# whats crackin



## Barrel_racer_0 (May 12, 2008)

Im pretty sure i had an account here a LONG time ago but I cant remember correctly. But Since Then alot has changed with my Horses. I currently own six horses among my ammidiate family that i live with. My Two personal horses are Chance(Registered Name: L'Ds Dream) and Twinkie(Registered Name:Way Bueno).Chance is a Appaloosa but he has poco bueno and doc bare in his lines not far back. Twinkie is a full bred Quarter Horse and i dont have his papers next to me but he has good lines. The my step dads horse is a 6yro QH gelding named Zippo he is a Zippo pine bar baby. My Little Brother has a 14yro Arabian Gelding Named Ransom(No Papers). And My moms new horse is a 4yro paint filly. My mom has her papers somewhere.

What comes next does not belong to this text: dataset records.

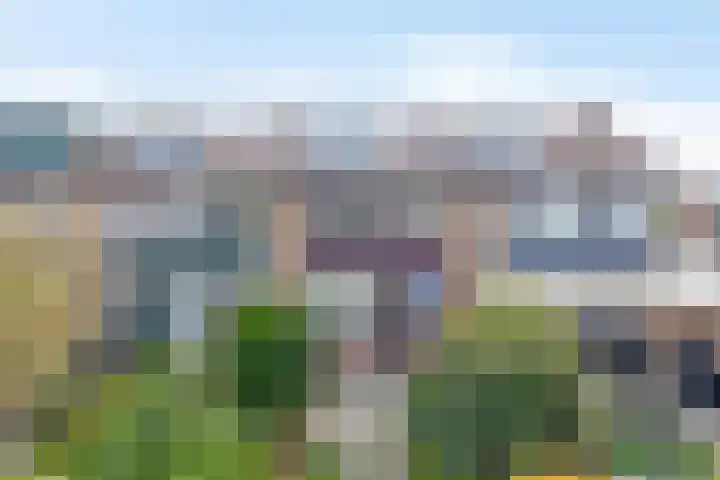 van Maerlantstraat 14 Waddinxveen thumbnail 17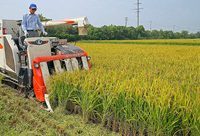 “松江大米”開鐮收割，市民可提早2個月品嘗新大米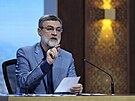 Íránský prezidentský kandidát Amír-Hosejn Ghazizadeh Háemí (25. ervna 2024)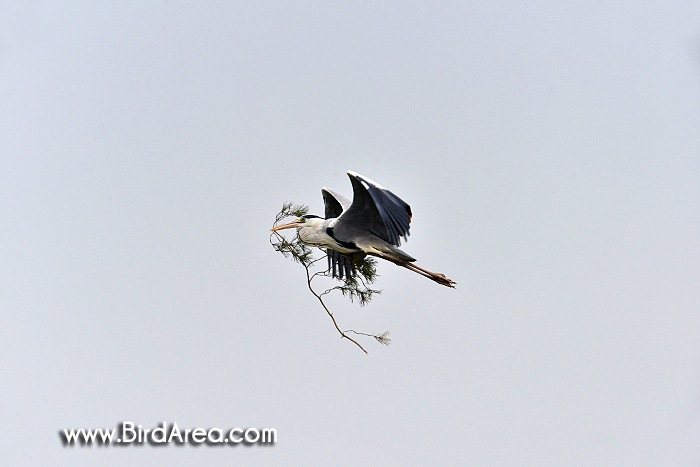 Grey Heron, Ardea cinerea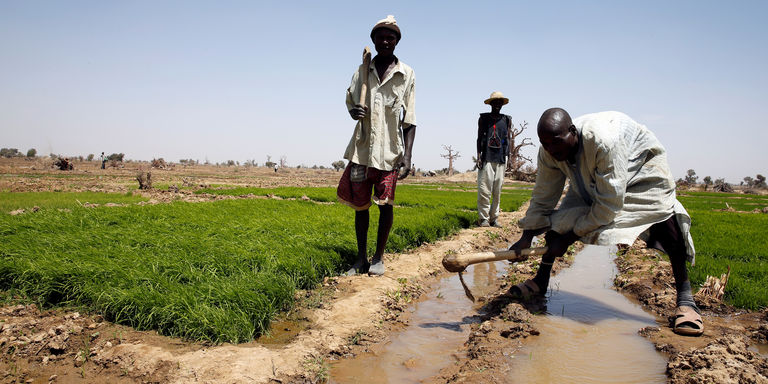 Agriculture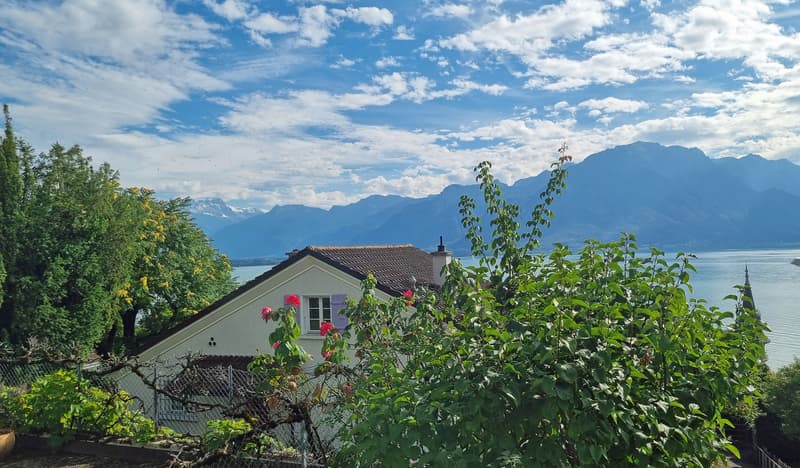 Très belle maison de charme, magnifique vue sur le lac et les Alpes ! (2)
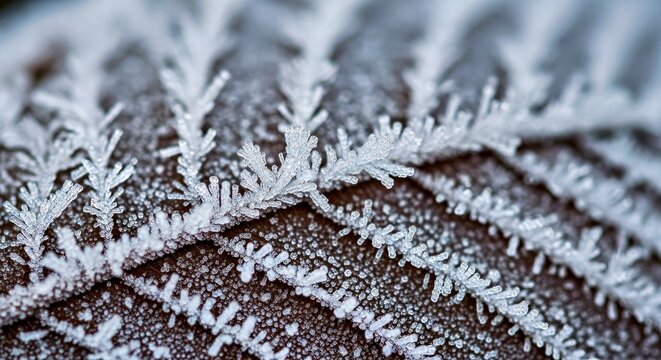 Minimalist Extreme Close-up of Intricate Ice Crystals on a Frozen Leaf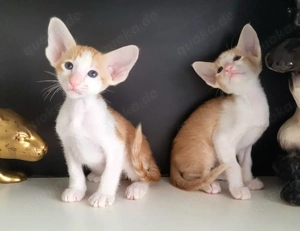 Orintalische Kurzhaar Edel Kitten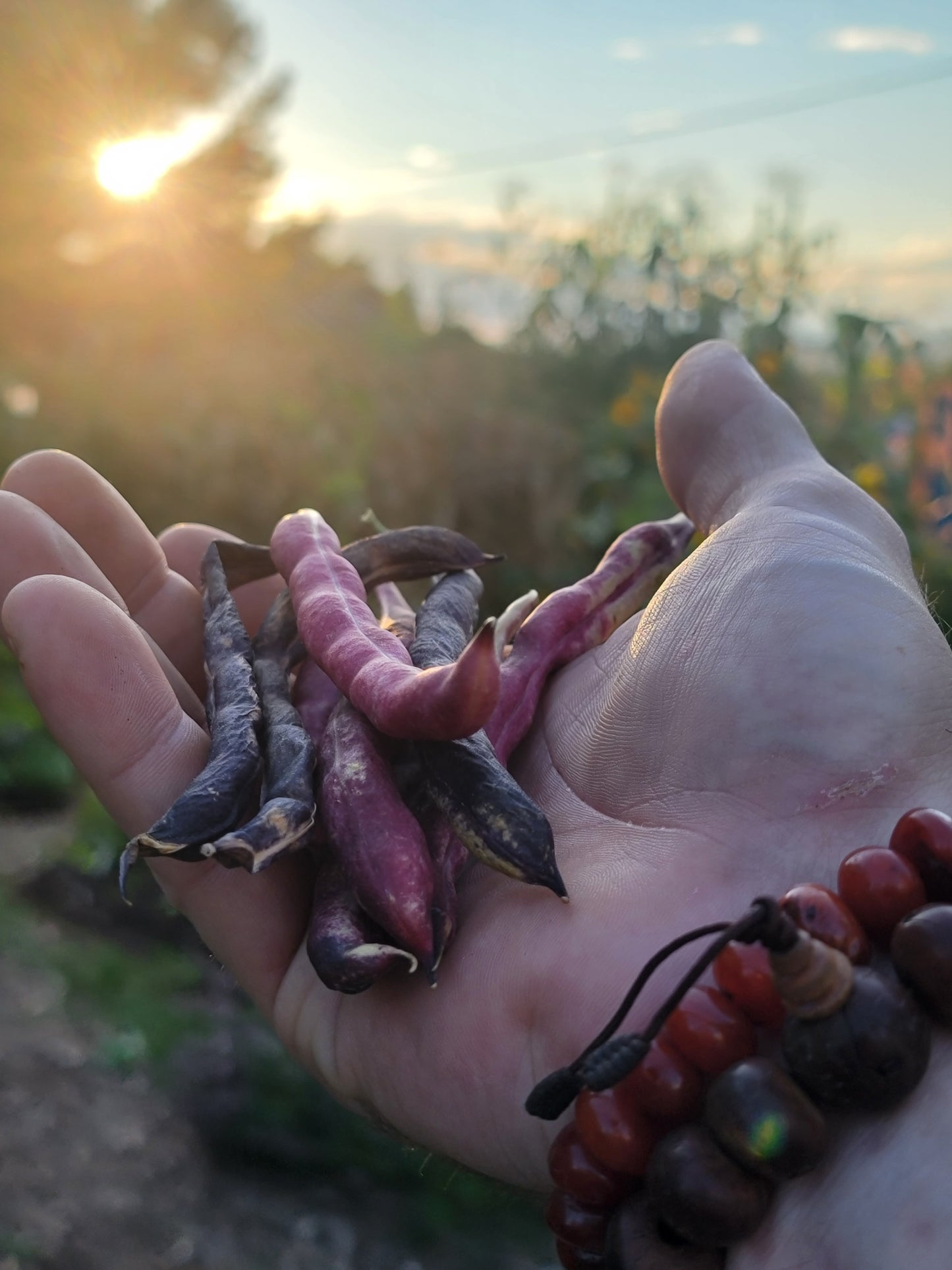 Cherokee Trail of Tears Bean Seeds.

I Compete in barrel racing.Pole Bending.Reining.And Team Penning.

When I have more time I will post pictures of the horses.


----------



## PoptartShop (Jul 25, 2010)

Welcome back to the Horse Forum!! 
Have fun posting.


----------



## jazzyrider (Sep 16, 2007)

hiya
welcome to the forum


----------



## buckaroo2010 (Nov 7, 2007)

Welcome!


----------